§ **Aim of the task**: Beginning with the line that contains "FRANCE AUFGERISSEN –", retype the entries below exactly, ending with the line that contains "PK138-PK125. Darainage ditches". Leave out any pictures.

§ **Data shown**:

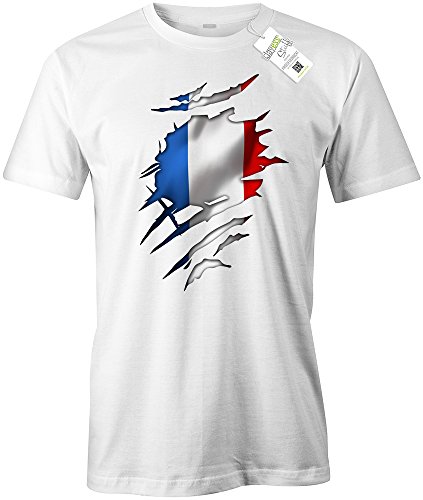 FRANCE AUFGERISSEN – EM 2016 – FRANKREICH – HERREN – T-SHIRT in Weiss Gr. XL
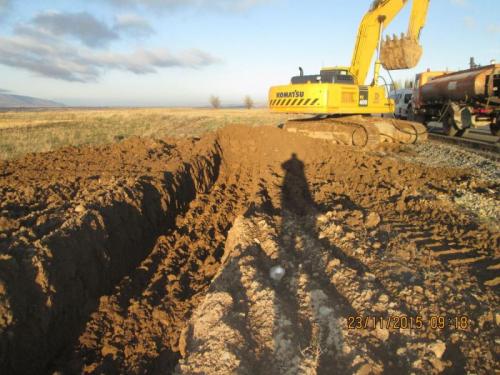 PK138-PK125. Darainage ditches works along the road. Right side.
* * *
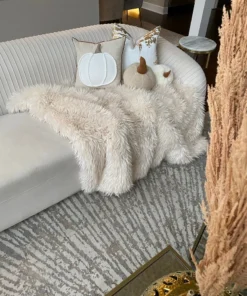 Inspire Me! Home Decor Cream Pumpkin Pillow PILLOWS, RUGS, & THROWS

§ **Solution to the exercise**:
 FRANCE AUFGERISSEN – EM 2016 – FRANKREICH – HERREN – T-SHIRT in Weiss Gr. XL
 PK138-PK125. Darainage ditches works along the road. Right side.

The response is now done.